/ 9 October 2015

‘I can’t forget his smell’

diepsloot rape lerato Delwyn Verasamy
File photo by Delwyn Verasamy

For six months Dineo Lekota* (13) has been falling asleep with the “stinking, salty” smell of her rapist in her nose. 

Before she closes her eyes, she says, she always remembers the smell of his sweat-soaked green T-shirt and feels the chafing of his white sangoma’s cloak on her skin. 

“I don’t like this feeling and tasting of him over and over again,” she says, crying. “But it won’t leave my head.”

Dineo and her father are sitting in the back of a car outside the shacks where they live in Diepsloot Extension 12, north of Johannesburg. They don’t want the people here to hear them.

“I’m embarrassed and ashamed,” Dineo explains. “I don’t want people here to remember my rape. It’s the first and only time I’ve had sex.”

Dineo was raped in April, barely 200m from where she lives.

Unexpected visit
That afternoon, a sangoma, who used to live in the same group of shacks as the Lekotas, came knocking on the door of Dineo’s father’s house. He told the family he’d dreamed Dineo had been bewitched. Her bewitchment, he said, would result in Dineo’s father and her stepmother divorcing.

Dineo’s father puts his arm around his daughter’s shoulders and says: “We knew this man, so we believed him and allowed him to take Dineo to the bush to wash off the evil with muti. But, all along, he was a criminal.”

The sangoma took Dineo to an open field behind a small hill near the shacks and gave her a bucket with water and herbs to wash herself. He then instructed her to take off her clothes.

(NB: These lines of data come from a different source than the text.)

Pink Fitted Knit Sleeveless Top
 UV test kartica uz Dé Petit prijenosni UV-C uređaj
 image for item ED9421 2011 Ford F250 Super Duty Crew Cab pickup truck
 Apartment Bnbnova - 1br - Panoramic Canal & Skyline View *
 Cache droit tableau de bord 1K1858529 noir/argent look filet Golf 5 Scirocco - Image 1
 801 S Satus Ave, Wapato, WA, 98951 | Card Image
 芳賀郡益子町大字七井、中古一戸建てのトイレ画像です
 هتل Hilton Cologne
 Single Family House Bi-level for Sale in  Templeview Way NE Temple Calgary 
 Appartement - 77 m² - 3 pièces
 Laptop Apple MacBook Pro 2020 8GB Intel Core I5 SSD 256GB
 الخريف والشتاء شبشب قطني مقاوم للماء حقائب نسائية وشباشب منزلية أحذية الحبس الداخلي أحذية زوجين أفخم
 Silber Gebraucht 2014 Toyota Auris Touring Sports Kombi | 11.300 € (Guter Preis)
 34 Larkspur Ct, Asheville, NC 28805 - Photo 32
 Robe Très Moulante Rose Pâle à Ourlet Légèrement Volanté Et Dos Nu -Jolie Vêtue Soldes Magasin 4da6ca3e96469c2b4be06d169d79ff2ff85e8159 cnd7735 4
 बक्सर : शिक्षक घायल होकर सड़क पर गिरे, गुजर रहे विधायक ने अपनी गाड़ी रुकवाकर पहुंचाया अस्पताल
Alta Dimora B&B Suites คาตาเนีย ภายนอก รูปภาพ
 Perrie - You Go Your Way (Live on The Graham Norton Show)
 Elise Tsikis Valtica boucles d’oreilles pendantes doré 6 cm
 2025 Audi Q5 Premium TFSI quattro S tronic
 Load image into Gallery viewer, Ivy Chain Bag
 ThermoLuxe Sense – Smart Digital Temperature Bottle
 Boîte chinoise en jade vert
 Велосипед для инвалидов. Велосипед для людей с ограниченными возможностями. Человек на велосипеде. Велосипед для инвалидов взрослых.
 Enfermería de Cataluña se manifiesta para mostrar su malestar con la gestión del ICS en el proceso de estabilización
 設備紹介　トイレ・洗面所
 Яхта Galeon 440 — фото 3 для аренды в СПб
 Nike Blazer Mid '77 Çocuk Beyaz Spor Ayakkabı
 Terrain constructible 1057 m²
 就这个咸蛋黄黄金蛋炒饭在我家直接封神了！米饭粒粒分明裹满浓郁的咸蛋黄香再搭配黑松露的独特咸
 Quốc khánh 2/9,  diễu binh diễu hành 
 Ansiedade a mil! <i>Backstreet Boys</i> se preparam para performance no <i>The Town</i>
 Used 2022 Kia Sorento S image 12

“When I refused to take off my underwear, he grabbed me roughly, pulled off my panties and raped me,” Dineo whispers. “He said, ‘If you scream, I will kill you.’?”

A group of girls heard Dineo shout and started calling her name. “That’s when this man pushed me away and started running. We’ve never seen him again.”

No help from police
The next morning Dineo’s father reported her rape to the police. “The police promised to come and investigate but no one has come,” he says and looks at his daughter. “Dineo now lives in fear,” he explains. “She doesn’t want to leave our shack for anything. She only goes to school.”

Lindsay Henson from Lawyers against Abuse, a Diepsloot-based organisation that provides free legal services and psychosocial support to victims of domestic violence and sexual violence, says that “when a rapist is not held accountable for what he did, the victim can lose all sense of safety”.

Very few victims in Diepsloot receive psychological support, because “the resources are simply not there outside of our pschologist and one or two other counsellors”, she adds.

“Complaints about the police failing to follow up on rape cases in Diepsloot are also very common. In many cases nothing happens after a rape has been reported, which is why we often follow up on behalf of our clients by visiting the police station ourselves.”

Back in the car, Dineo nervously plays with her fingers on her lap. She looks up shyly and says: “The social worker gave me a teddy bear and told me the best thing is just to forget about what happened to me. But that is impossible for me.”